*** Opening of Records for this task ***
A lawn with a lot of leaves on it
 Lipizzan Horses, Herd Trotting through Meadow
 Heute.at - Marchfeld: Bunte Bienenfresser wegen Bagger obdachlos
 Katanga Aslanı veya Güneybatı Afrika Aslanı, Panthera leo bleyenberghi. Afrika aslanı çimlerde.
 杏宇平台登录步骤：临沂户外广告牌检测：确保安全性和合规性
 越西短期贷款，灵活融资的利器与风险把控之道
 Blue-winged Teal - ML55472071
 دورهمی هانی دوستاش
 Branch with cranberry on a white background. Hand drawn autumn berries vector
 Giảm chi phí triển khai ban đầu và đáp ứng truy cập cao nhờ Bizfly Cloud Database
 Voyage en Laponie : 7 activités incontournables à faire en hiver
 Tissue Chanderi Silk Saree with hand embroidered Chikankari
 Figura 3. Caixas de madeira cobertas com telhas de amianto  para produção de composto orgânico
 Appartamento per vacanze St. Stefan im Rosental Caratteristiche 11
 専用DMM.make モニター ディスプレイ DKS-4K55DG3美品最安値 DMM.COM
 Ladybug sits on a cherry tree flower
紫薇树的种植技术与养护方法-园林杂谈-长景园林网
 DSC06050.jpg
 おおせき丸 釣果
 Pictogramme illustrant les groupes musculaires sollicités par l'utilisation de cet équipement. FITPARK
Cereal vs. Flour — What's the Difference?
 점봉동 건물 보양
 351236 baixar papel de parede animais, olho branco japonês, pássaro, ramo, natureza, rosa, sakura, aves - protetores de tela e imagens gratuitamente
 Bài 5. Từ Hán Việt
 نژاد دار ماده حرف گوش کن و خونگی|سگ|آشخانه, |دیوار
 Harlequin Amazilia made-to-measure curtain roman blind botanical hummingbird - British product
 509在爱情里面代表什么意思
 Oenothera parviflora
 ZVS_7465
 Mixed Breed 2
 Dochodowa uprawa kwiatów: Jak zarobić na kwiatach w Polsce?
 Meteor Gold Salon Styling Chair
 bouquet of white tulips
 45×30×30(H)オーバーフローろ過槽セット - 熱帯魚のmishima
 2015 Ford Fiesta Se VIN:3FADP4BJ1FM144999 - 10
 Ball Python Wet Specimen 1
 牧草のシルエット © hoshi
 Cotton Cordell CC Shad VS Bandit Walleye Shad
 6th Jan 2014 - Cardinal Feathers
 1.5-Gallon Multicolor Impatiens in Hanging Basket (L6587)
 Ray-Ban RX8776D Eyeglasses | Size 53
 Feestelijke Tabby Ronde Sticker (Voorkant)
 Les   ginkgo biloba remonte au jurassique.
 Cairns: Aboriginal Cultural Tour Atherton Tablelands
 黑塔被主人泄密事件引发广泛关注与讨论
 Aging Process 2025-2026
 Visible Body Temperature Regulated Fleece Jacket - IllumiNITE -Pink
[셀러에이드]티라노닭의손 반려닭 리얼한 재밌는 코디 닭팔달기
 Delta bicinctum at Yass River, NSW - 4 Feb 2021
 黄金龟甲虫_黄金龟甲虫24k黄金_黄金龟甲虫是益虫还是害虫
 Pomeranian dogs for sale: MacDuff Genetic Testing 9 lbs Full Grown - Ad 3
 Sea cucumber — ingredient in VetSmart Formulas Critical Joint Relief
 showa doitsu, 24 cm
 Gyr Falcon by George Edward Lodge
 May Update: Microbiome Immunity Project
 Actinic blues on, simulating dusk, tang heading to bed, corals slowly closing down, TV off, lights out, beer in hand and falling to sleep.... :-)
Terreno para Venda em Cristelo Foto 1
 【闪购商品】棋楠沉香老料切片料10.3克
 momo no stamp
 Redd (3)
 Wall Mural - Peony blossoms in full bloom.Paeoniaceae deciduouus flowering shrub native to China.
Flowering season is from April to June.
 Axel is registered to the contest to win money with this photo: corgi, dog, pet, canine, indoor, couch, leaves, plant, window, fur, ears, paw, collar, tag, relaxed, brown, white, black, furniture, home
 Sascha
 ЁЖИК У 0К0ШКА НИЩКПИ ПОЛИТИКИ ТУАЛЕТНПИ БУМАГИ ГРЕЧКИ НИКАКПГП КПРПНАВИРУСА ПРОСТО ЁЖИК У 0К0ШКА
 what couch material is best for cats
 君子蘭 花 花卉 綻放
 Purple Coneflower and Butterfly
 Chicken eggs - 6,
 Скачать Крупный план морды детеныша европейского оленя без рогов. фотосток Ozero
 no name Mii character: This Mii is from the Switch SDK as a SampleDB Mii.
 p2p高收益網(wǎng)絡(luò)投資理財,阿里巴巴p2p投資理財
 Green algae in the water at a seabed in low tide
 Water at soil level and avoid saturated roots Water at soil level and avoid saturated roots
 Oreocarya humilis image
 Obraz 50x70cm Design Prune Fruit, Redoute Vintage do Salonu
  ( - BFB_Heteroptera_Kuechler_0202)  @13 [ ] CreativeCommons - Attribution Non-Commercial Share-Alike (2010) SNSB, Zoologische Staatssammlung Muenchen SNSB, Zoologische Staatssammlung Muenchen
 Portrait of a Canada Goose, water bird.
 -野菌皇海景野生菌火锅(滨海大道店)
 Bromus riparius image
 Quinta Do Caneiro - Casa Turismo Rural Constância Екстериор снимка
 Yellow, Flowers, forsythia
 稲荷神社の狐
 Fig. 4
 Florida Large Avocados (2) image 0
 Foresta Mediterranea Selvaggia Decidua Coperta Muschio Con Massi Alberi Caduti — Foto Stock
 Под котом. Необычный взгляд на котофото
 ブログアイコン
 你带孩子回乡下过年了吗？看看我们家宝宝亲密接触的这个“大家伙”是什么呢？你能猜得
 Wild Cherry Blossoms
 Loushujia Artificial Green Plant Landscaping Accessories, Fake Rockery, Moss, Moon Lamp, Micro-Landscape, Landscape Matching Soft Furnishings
*** Close of Records for this task ***
From the listing above, collect each line in which the string "Foto" appears.

> Result of this exercise
Terreno para Venda em Cristelo Foto 1
 Foresta Mediterranea Selvaggia Decidua Coperta Muschio Con Massi Alberi Caduti — Foto Stock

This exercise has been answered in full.